Woolson, Constance Fenimore, 1840-1894 / 2008-06-27 00:00:00
EBOOK CASTLE NOWHERE ***
Produced by Alan Millar, Juliet Sutherland, Charles Franks
and the Online Distributed Proofreading Team.
Scans for this book are from
The Canadian Institute for Historical Microreproductions.
CASTLE NOWHERE
BY
CONSTANCE FENIMORE WOOLSON
Not many years ago the shore bordering the head of Lake Michigan, the
northern curve of that silver sea, was a wilderness unexplored. It is
a wilderness still, showing even now on the school-maps nothing save
an empty waste of colored paper, generally a pale, cold yellow
suitable to the climate, all the way from Point St.

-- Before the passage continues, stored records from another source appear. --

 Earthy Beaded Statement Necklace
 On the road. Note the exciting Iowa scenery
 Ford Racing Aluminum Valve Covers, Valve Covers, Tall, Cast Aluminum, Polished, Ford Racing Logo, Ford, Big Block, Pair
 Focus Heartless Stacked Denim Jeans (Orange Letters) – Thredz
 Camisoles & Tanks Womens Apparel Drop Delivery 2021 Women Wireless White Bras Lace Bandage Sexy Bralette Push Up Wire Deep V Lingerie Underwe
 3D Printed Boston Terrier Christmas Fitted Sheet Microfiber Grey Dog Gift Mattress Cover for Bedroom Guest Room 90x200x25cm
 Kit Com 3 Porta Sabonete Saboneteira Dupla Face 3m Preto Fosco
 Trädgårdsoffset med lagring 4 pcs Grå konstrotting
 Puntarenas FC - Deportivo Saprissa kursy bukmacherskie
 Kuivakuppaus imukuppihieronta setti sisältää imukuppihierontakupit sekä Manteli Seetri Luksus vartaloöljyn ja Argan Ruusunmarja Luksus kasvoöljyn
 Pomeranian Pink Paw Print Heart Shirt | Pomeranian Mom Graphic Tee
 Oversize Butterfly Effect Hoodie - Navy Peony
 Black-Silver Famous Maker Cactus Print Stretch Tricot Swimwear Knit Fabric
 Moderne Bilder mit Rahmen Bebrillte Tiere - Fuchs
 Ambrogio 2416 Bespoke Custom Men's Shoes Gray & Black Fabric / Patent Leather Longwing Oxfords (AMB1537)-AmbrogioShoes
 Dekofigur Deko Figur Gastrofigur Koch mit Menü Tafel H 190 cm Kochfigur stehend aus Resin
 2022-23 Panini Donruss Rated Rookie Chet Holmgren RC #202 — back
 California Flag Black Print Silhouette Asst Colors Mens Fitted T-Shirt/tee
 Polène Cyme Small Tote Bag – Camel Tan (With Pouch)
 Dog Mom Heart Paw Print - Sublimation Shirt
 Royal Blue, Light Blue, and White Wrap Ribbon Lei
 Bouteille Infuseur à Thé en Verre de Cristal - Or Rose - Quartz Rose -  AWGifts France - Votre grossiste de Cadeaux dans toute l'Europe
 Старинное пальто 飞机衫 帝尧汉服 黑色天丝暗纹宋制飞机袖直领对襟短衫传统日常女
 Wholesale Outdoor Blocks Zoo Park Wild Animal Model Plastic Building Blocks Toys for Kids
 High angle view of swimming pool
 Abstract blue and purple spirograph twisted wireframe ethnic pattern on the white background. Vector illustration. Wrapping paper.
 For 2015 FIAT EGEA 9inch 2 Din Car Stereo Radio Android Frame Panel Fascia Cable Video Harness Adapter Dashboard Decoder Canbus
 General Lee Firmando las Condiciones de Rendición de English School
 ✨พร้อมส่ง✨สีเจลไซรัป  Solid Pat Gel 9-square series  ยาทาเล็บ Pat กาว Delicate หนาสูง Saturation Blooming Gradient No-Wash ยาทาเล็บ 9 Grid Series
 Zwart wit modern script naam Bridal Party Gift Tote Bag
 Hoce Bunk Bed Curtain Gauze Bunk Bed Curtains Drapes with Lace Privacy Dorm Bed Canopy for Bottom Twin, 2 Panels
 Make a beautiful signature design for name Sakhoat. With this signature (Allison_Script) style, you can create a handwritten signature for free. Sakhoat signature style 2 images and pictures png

Ignace to the iron
ports on the Little Bay de Noquet, or Badderknock in lake phraseology,
a hundred miles of nothing, according to the map-makers, who, knowing
nothing of the region, set it down accordingly, withholding even those
long-legged letters, 'Chip-pe-was,' 'Ric-ca-rees,' that stretch
accommodatingly across so much townless territory farther west. This
northern curve is and always has been off the route to anywhere; and
mortals, even Indians, prefer as a general rule, when once started, to
go somewhere. The earliest Jesuit explorers and the captains of
yesterday's schooners had this in common, that they could not, being
human, resist a cross-cut; and thus, whether bark canoes of two
centuries ago or the high, narrow propellers of to-day, one and all,
coming and going, they veer to the southeast or west, and sail gayly
out of sight, leaving this northern curve of ours unvisited and alone.